戦国中山王圓鼎を習う(69)「親率参軍」

《於虖、攸(悠)哉天其又(有)刑、于在厥邦。氏(是)以寡人、(委)賃(任)之邦、而去之游、亡遽惕之(慮)。昔者(吾)先祖(桓)王、邵考成王、身勤社稷、行四方、以□(憂)勞邦家。含(今) (吾)老賙(貯)、親䢦(率)參軍之衆、以征不宜(義)之邦、奮桴振鐸、闢啓封彊、方數百里、剌(列)城數十、克敵大邦。寡人庸其悳(徳)、嘉其力。氏以賜之厥命。》

《於虖(ああ)、悠なる哉。天其れ刑すること有り、厥(そ)の邦に在り。是れ以て寡人、之の邦を委任して、去りて之(ゆ)き游ぶも、遽惕(きょてき)の慮亡し。昔者(むかし)、吾が先祖桓王、邵考成王、身づから社稷に勤め、四方を行(めぐ)り、以て邦家に憂勞せり。今、吾が老貯、親しく参軍の衆を率ゐて、以て不宜(義)の邦を征し、桴を振ひ、鐸を振ひ、邦彊を闢啓すること、方數百里、列城數十、克(よ)く大邦に敵(あた)れり。寡人、其の徳を庸(功)とし、其の力を嘉(よみ)す。是れ以て之(これ)に厥(そ)の命を賜ふ。》

 

 」(親):[字通」には、「辛(しん)+木+見。神事に用いる木をえらぶために辛(針)をうち、切り出した木を新という。その木で新しく神位を作り、拝することを親という。〔説文〕八下に「至るなり」とし、また宀(べん)部の寴字条七下にも「至るなり」とあって同訓。寴は新しい位牌を廟中に拝する形で、金文には親を寴に作ることがある。父母の意に用いるのは、新しい位牌が父母であることが多いからであろう。その限定的な用義である。すべて廟中に新しい位牌を拝するのは、親しい関係の者であるから、親愛の意となり、また自らする意に用いる。」とあります。「親」として用いる中山国の篆書には他に「宀」と「新」からなる字もあります。

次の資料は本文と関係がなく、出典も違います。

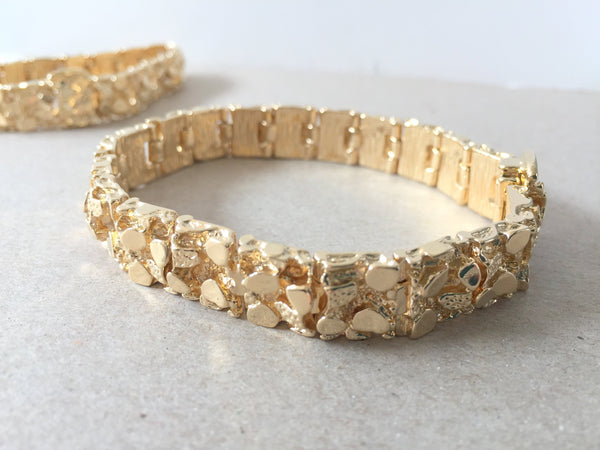 Men's Gold Bracelet, 12mm thick Gold Nugget Cuff Bracelet, Large Chunk –  MeltemiCollection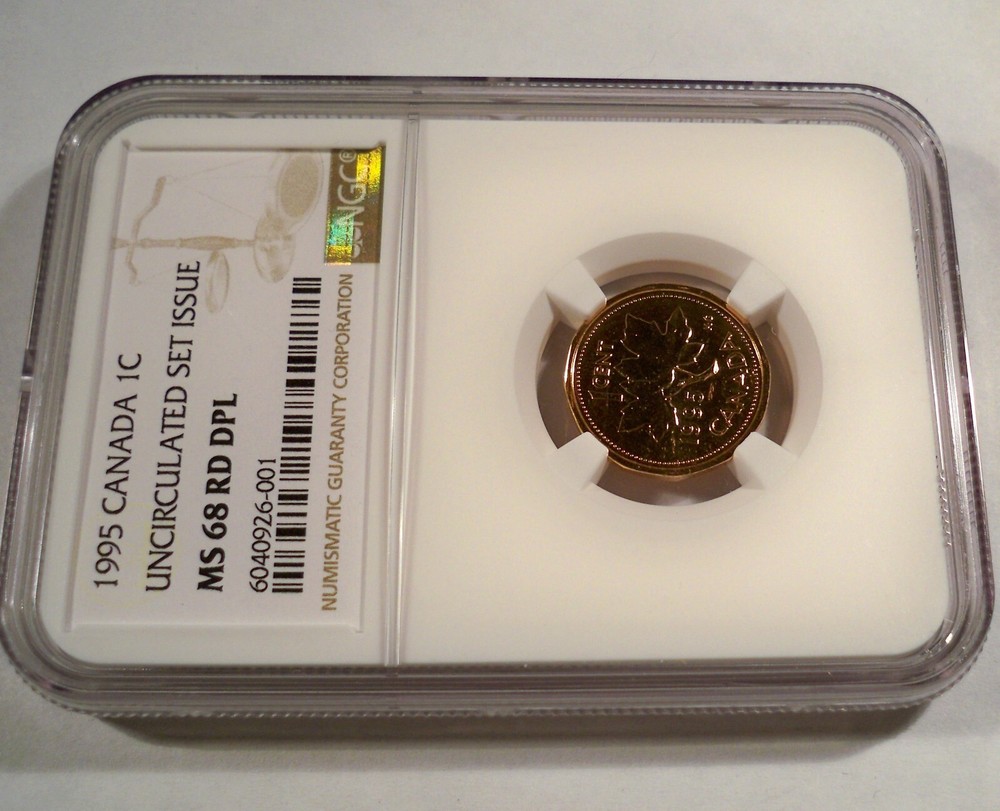 1995 1c CANADA NGC MS 68 RD DPL CENT COPPER MS 68 RED DEEP PROOF LIKE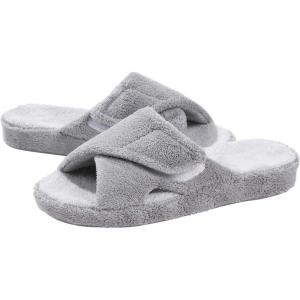 imageshevalues Summer Arch Support Slippers for Women Adjustable Terry Cloth Fuzzy Indoor Slippers Open Toe House ShoesGrey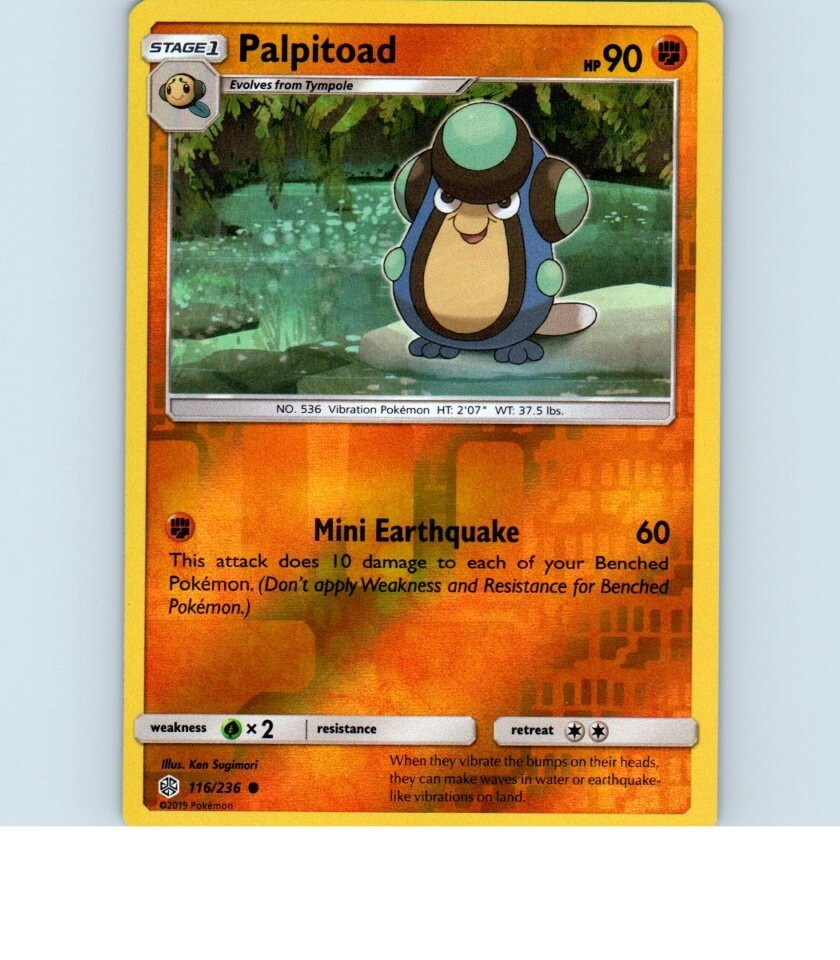 2019 Reverse Holo Palpitoad 116/236 Pokemon Card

」(率):2回目です。水にさらした糸束を絞っている形「率」(固定する横木は省略)に「辶」が加えられていて、「ひきいる」意となります。前回の例よりも行人偏の下部を長く表現しています。

「參」:西周金文は、巫女の頭部にある3本の簪が明らかな字形です。[字通]によれば「厽(るい)+㐱(しん)。厽は三本の簪(かんざし)の玉の光るところ。㐱は人の側身形に彡(さん)を加えて、人の鬒髪(しんぱつ、黒髪のこと)の長いさま。」とありますが、「㐱」は側身形にした身体から放たれる光彩を表現したものと思われます。楚簡には側身形の左右に4点を対称に、周囲へ光彩を放つように配しています。中山篆はその4点を2つの渦紋に替えた表現です。

「軍」:「勹」(ほう)と「車」からなる字です。白川静は金文では「勹」を軍旗のなびく様としています。それに従えば、上部の短い2本の横画は「中」にもみられるような吹き流しではないかとも想像できます。ただ、一方で金文には「勤」など耜(すき)をあらわす「力」と近似したものがあり、この中山国の篆書はそれに類する系統であり、あるいは武具の一種ではと思わせる姿をしています。